SequenceClassifierOutput(loss=None, logits=tensor([[ 2.3379, -0.5528, -2.3123]]), hidden_states=None, attentions=None)

Bert base

Bert base is a bert-base-multilingual-uncased model finetuned for sentiment analysis on product reviews in six languages: English, Dutch, German, French, Spanish, and Italian. It predicts the sentiment of the review as a number of stars (between 1 and 5).

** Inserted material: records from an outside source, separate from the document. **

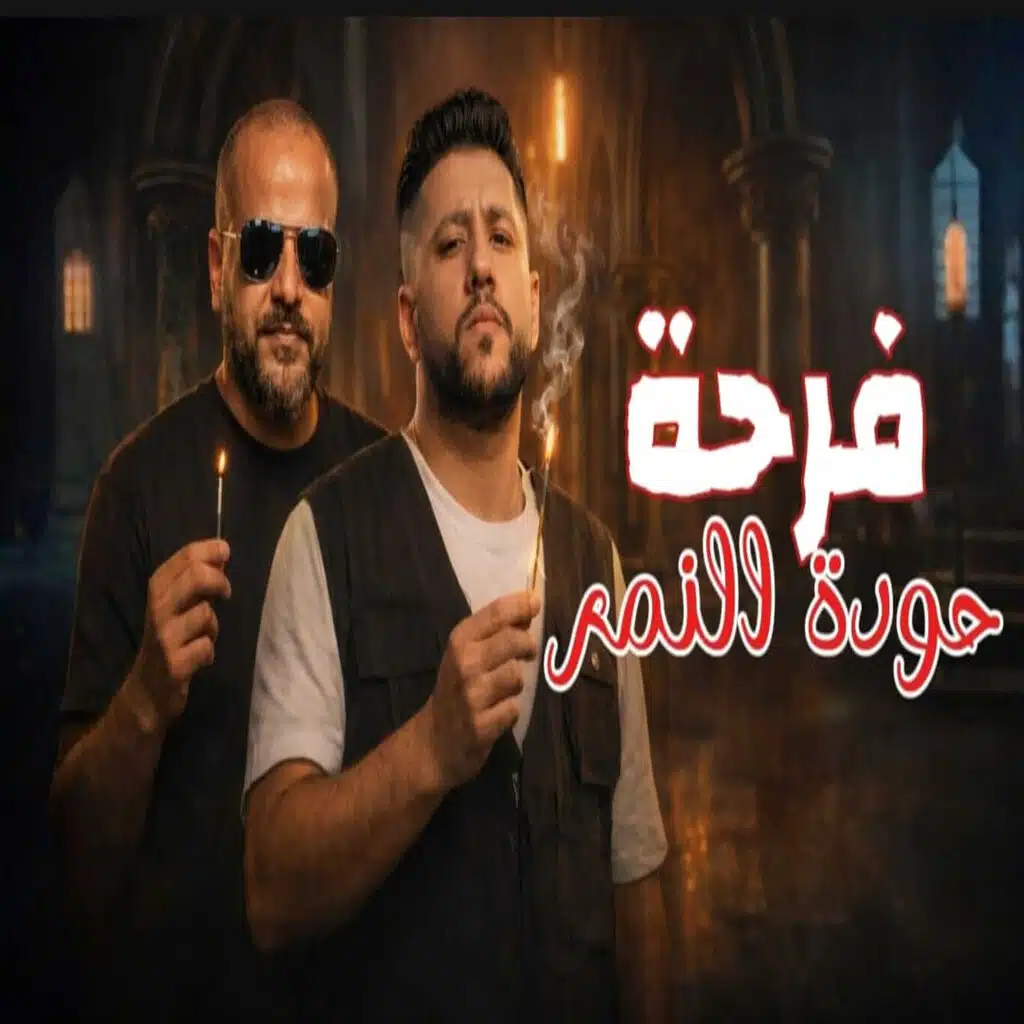 فرحة حودة النمر (صباحو سلاموزة)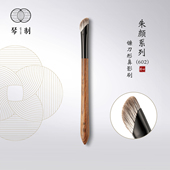琴制化妆刷朱颜系列602镰刀鼻影刷斜头山根修容刷动物毛一支装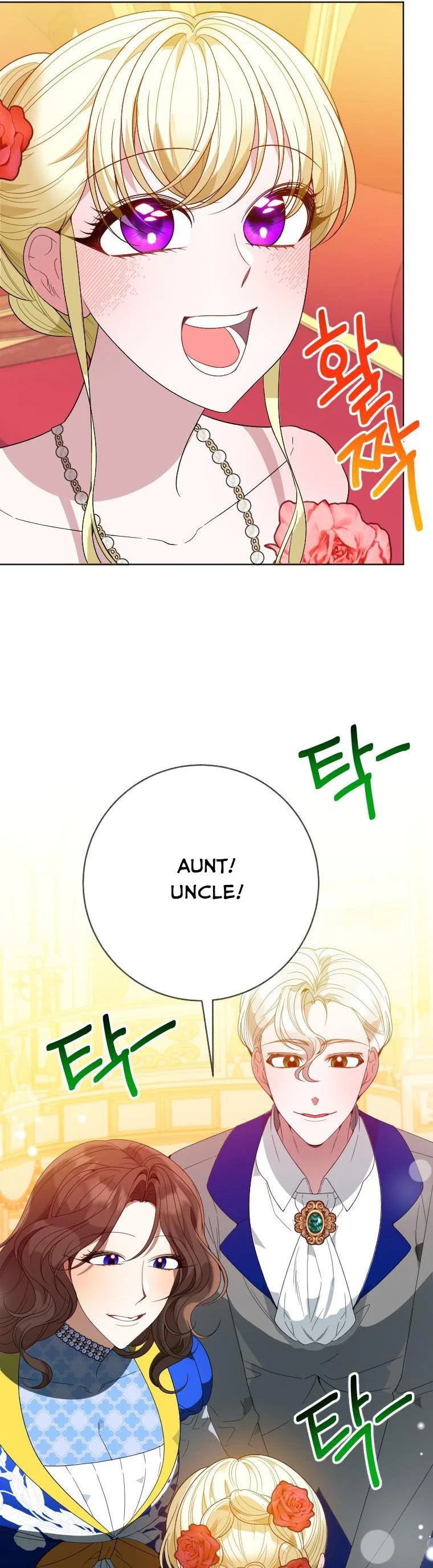 Page 18 of Chapter 56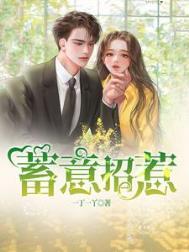 蓄意招惹by宋沉衍TXT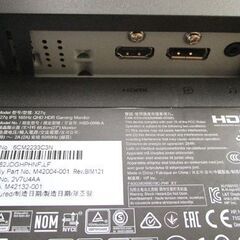 HP ゲーミングモニター X27q 2022年製 27インチ QHDゲーミング ディスプレイ 札幌市北区屯田の画像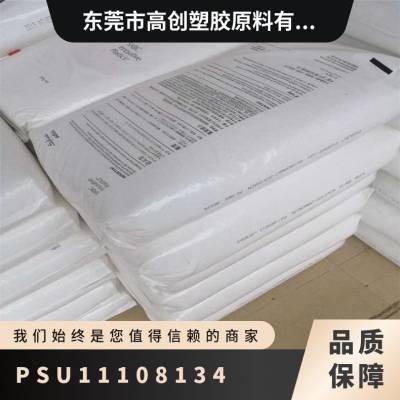 PSU 基础创新塑料 1110-8134 耐高温 耐化学 高韧性 连接器 阀门部件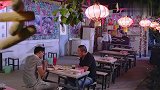 双喜盈门：农村人排练晚会节目，一个个都身怀绝技，看得真过瘾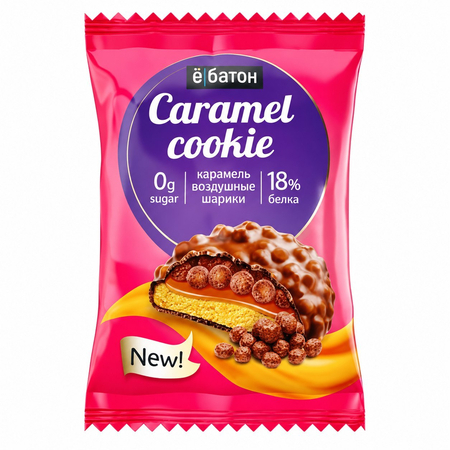 Ёбатон Caramel Cookie 45г
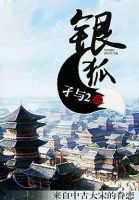 小说《银狐》经典语录文案和名句摘抄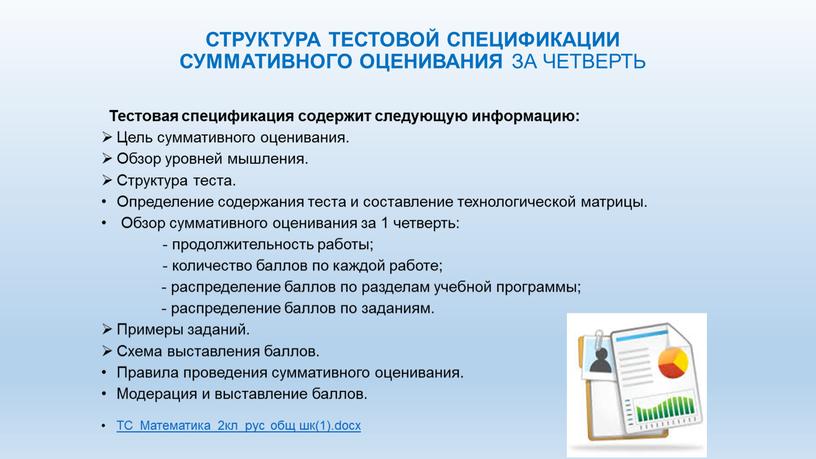 СТРУКТУРА ТЕСТОВОЙ СПЕЦИФИКАЦИИ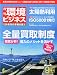 環境ビジネス 2011年 09月号 [雑誌]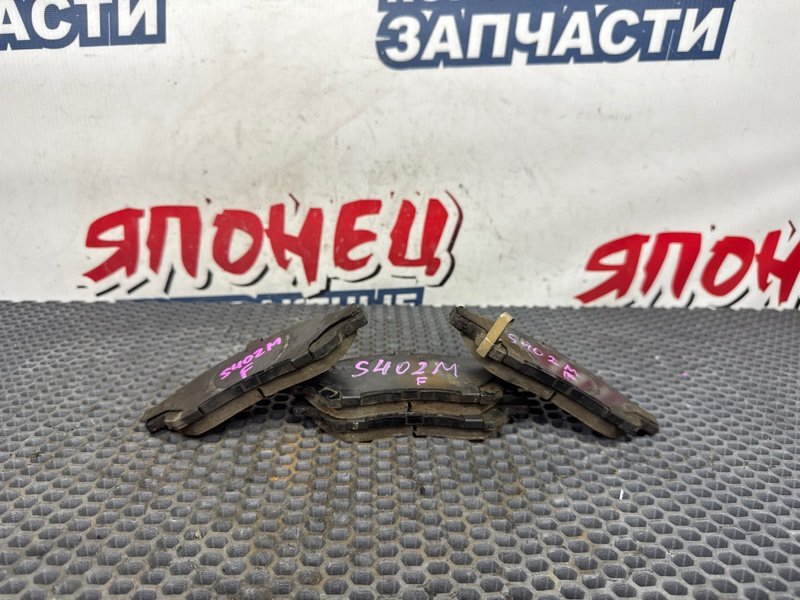 Тормозные колодки TOYOTA TOWN ACE S402M 3SZ-VE 2016 переднее (б/у)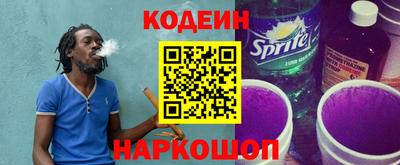 спиды Чебоксары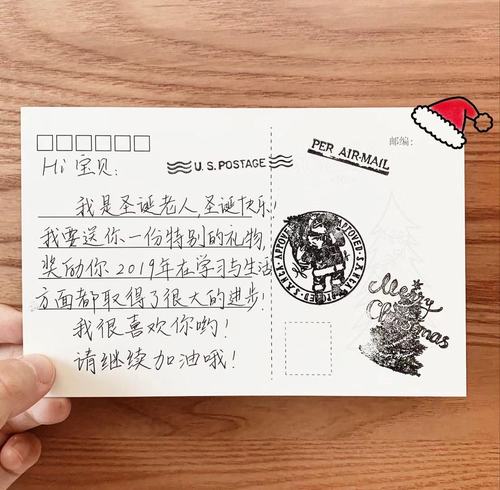 建国门邮局圣诞贺卡 邮局有圣诞贺卡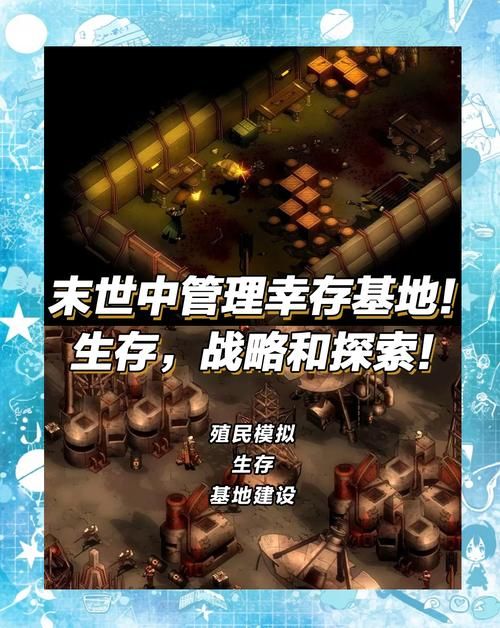 僵尸世界大战结局幸存者去了哪里最终避难所曝光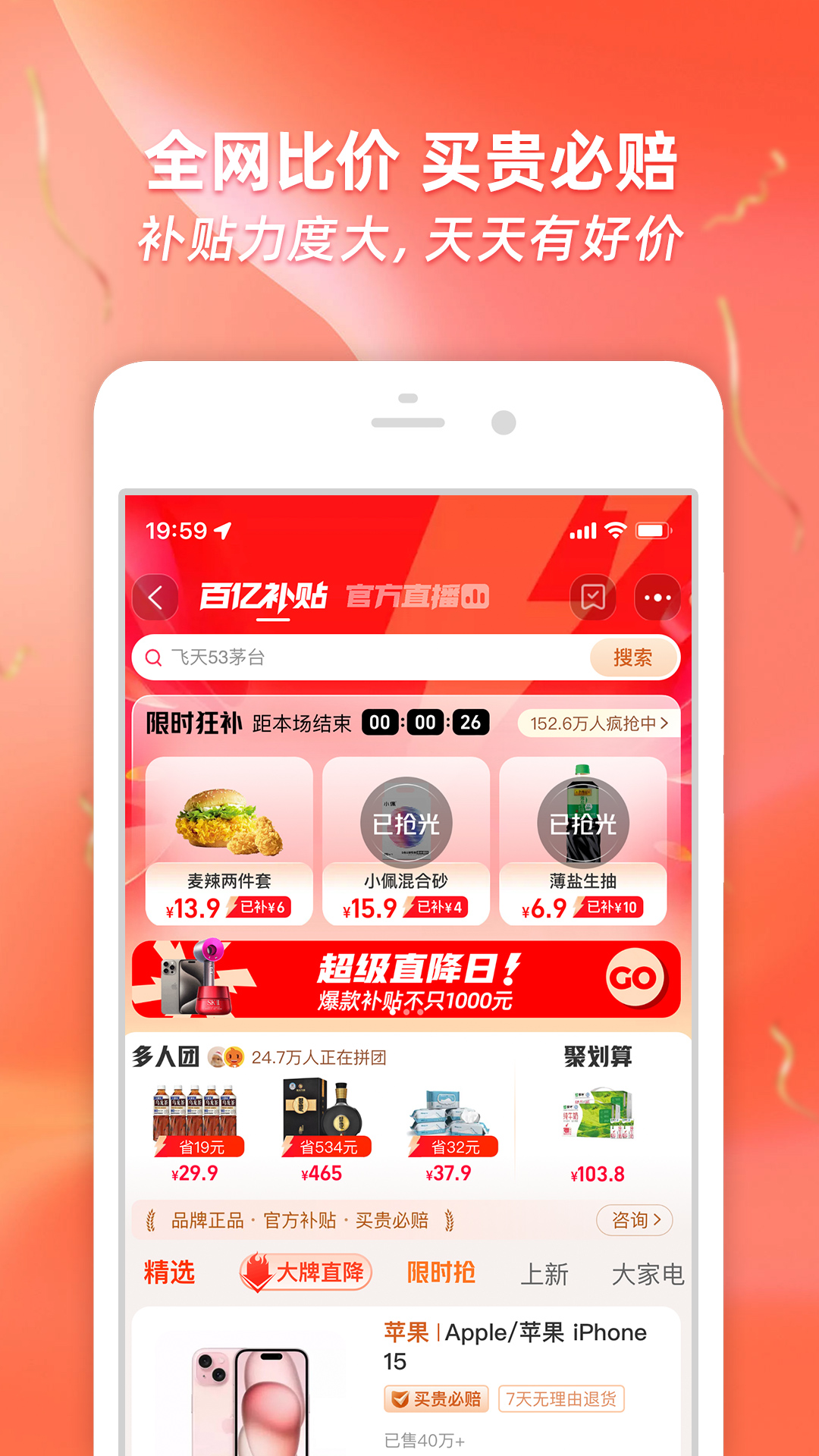 专门买相机的app有哪些 购买相机可以使用什么软件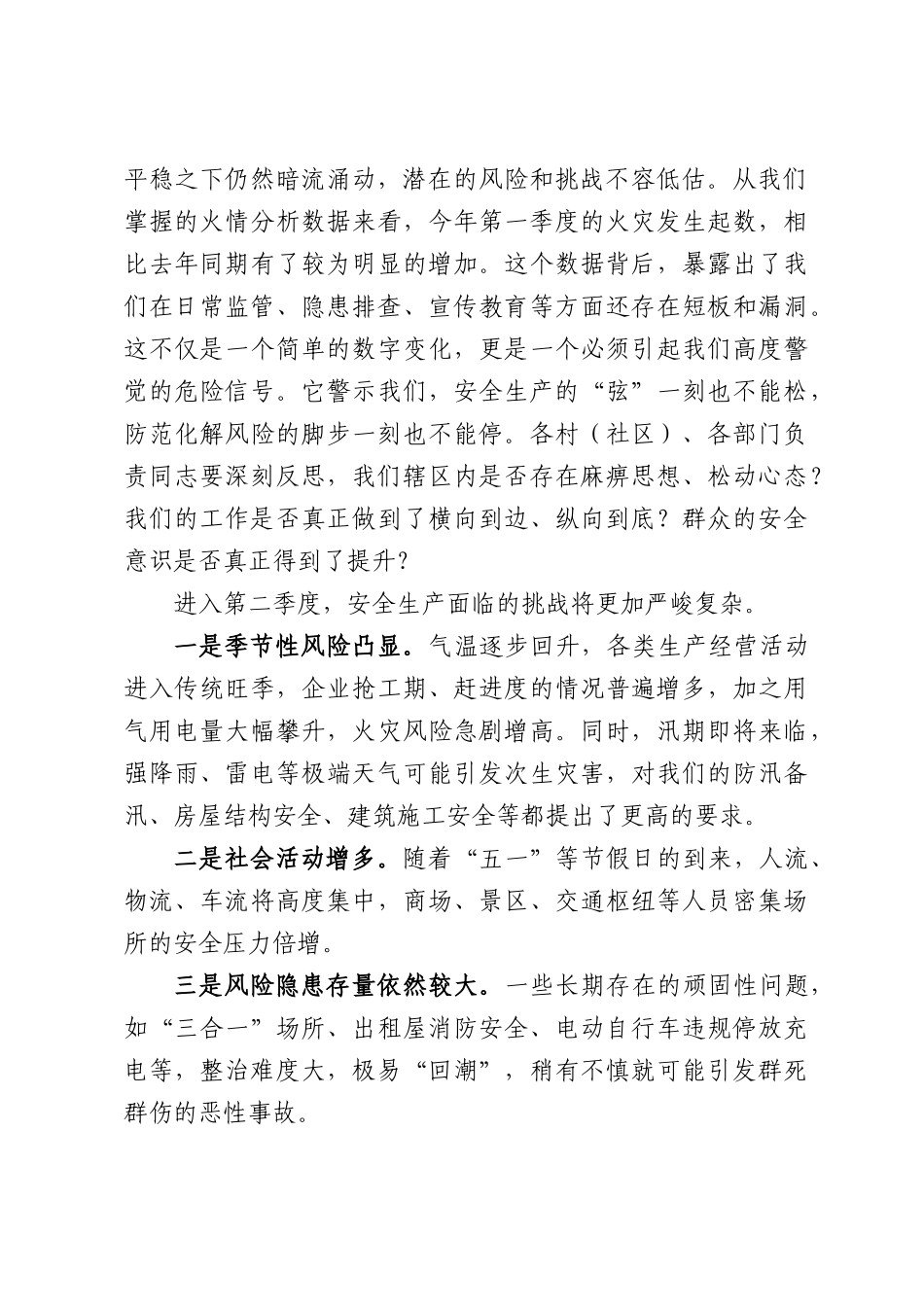 在全镇2026年第二季度防范重特大生产安全事故暨安全生产工作专题会议上的讲话.docx_第2页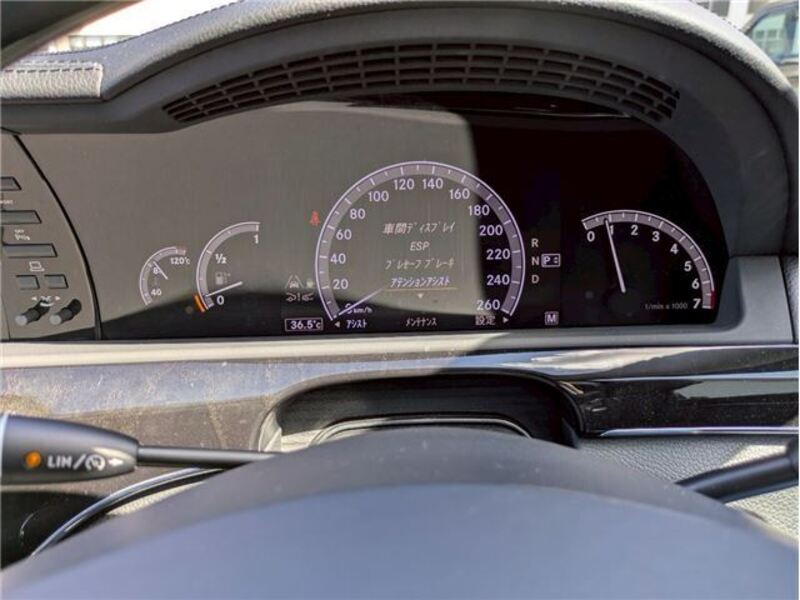 S-CLASS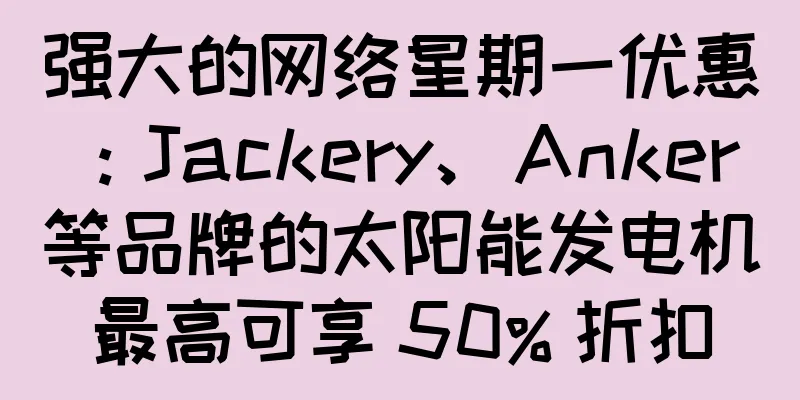 强大的网络星期一优惠：Jackery、Anker 等品牌的太阳能发电机最高可享 50% 折扣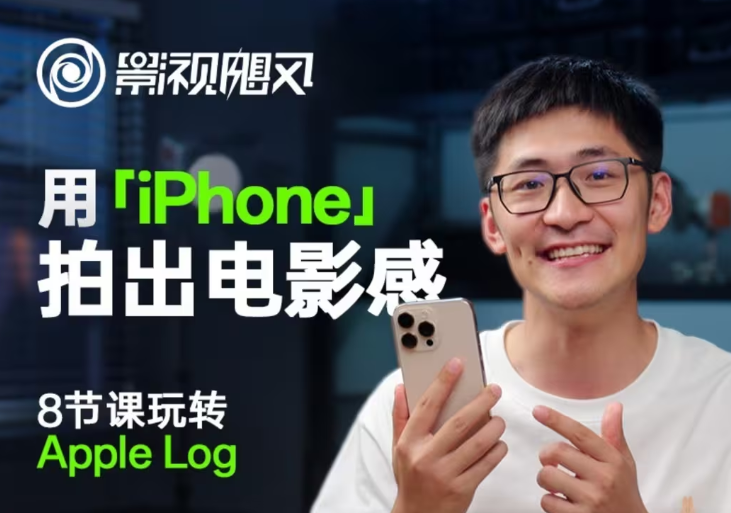 影视飓风玩转Apple Log，八节课带你用iPhone拍出电影感！【无水印版】-云长聊项目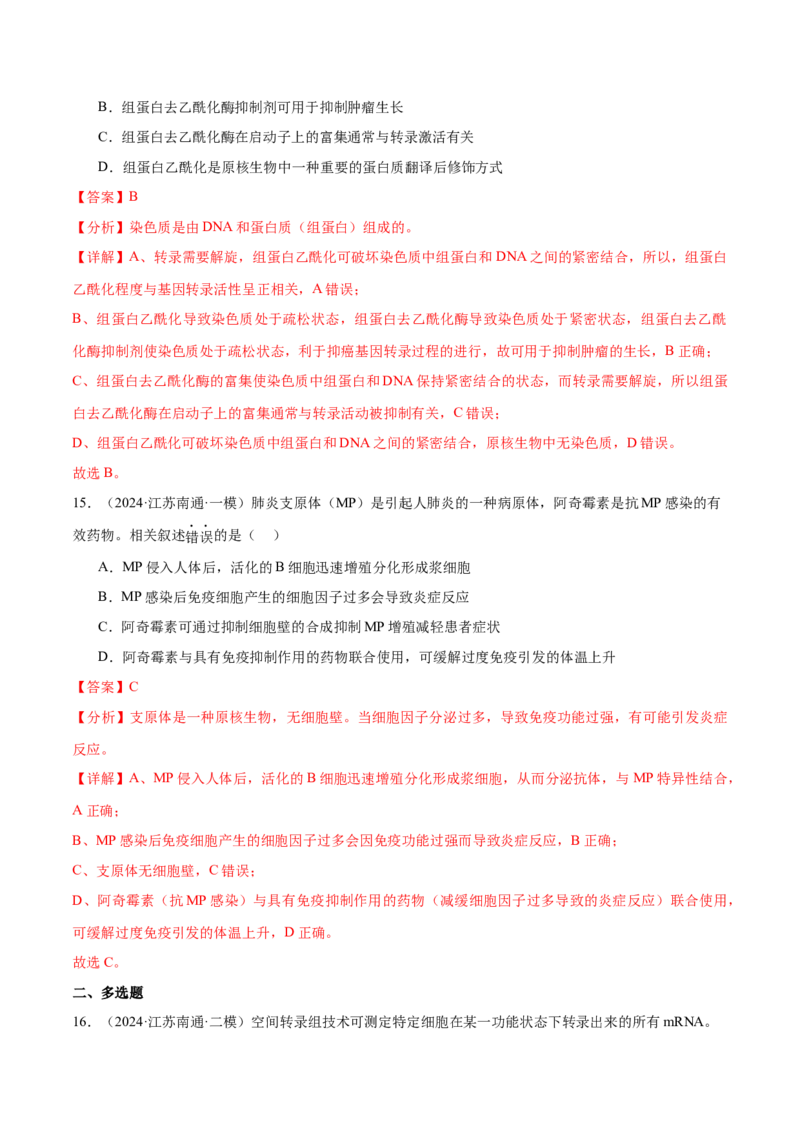 押江苏卷选择题细胞的物质基础和结构基础（解析版）_2024年新高考资料_5.2024三轮冲刺_备战2024年高考生物临考题号押题（江苏专用）322855714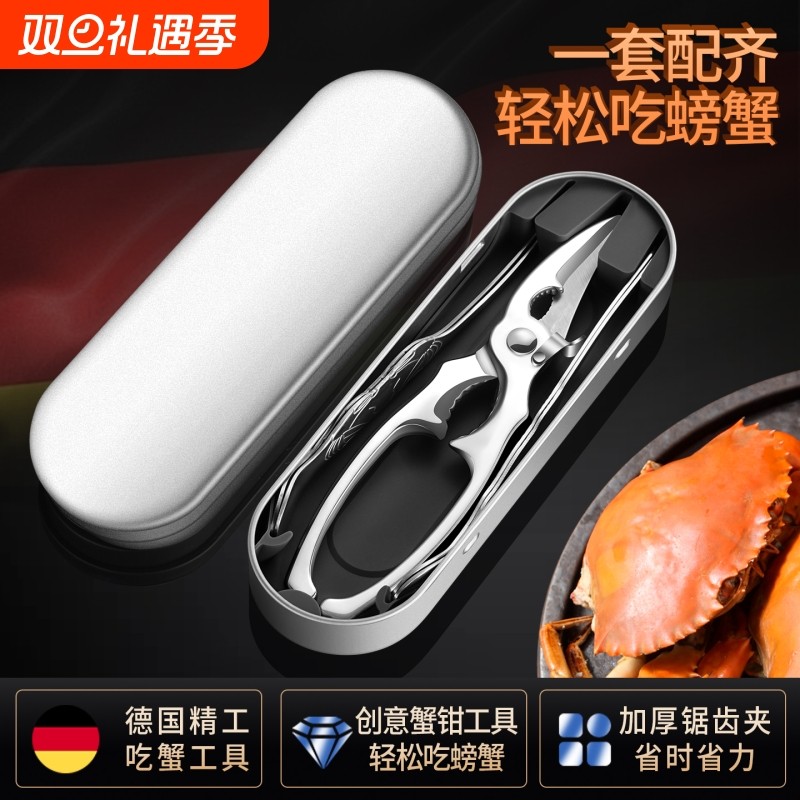 吃螃蟹专用工具不锈钢三件套蟹八件家用蟹针螃蟹钳夹剥大闸蟹神器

In our code we create a pipeline, hand our reviews to it in one go and then convert the result from something like "5 stars" into "positive":

def bert(reviews):
    """
    Model 5: nlptown/bert-base-multilingual-uncased-sentiment    
    """

    start = time.time()

    model = pipeline("sentiment-analysis", model="nlptown/bert-base-multilingual-uncased-sentiment")
    results = model(reviews)
    print(f"bert: \t\t {results[0]}")

    # This model outputs star ratings: 1-2 stars = negative, 4-5 = positive, 3 = neutral
    pred = []
    for r in results:
        label = r['label']
        stars = int(label[0])
        if stars <= 2:
            pred.append('negative')
        elif stars >= 4:
            pred.append('positive')
        else:
            pred.append('neutral')

    end = time.time()
    duration = round(end - start, 4)

    return pred, duration

The model gives us the star rating and a score back:

{'label': '5 stars', 'score': 0.9508458971977234}

Glue everything together for the comparison

With our methods for the different models in place, we need a bit more glue code to call the methods, build a Pandas data frame and create a nice table with the result:

vader_result, vader_time = vader(reviews)
dist_result, dist_time = distilbert(reviews)
roberta_result, roberta_time = roberta(reviews)
roberta_latest_result, roberta_latest_time = roberta_latest(reviews)
bert_result, bert_time = bert(reviews)


# -------- Build Comparison Table --------
df = pd.DataFrame({
    "text": reviews,
    "VADER": vader_result,
    "DistilBERT": dist_result,
    "roBERTa": roberta_result,
    "roBERTa Latest": roberta_latest_result,
    "Bert": bert_result
})

# Add timing row
times = [f"{t:.4f} sec" for t in [vader_time, dist_time, roberta_time, roberta_latest_time, bert_time]]
df.loc["time used"] = [""] + times

# Print table
print(df.to_markdown(index=False))

If we run this, we end up with a comparison table like this one:

text VADER DistilBERT roBERTa roBERTa Latest Bert
This product is fantastic! I love it. positive positive positive positive positive
Terrible quality, broke after one use. negative negative negative negative negative
Absolutely wonderful. Highly recommend! positive positive positive positive positive
Worst purchase I have ever made. negative negative negative negative negative
Pretty decent, does the job. positive positive positive positive positive
Not worth the money. negative negative negative negative negative
Exceeded my expectations! neutral positive positive positive positive
Very disappointing experience. negative negative negative negative negative
It's okay, not the best but not the worst. positive positive neutral neutral neutral
I am extremely satisfied with this. positive positive positive positive positive
It works. neutral positive positive positive positive
It is fine. positive positive positive positive positive
OK for the price. positive positive neutral neutral neutral
:-( negative negative negative negative neutral
:-) positive positive positive positive positive
0.0096 sec 0.7568 sec 2.3965 sec 1.7444 sec 0.9992 sec

I manually highlighted the differences to show that the models sometimes yield different results. However, for most reviews, all 5 models detect the same emotion. When it comes to the time this sentiment analysis took, VADER is massively faster than any of the models hosted on Hugging Face. The hard-coded rules of VADER are fast but restricted to the ones it ships with.

Conclusion

The 5 different models we explored in this post help us to find the sentiment of a review. As we can see in the table, they are not always all agreeing. That difference is important to notice, especially when you use real data for the comparison. If you mess this step up, you will attribute the wrong sentiment to your reviews. Therefore, take the time and compare the models before you build a whole pipeline for something that does not offer a good fit for the kind of sentences you have to work with.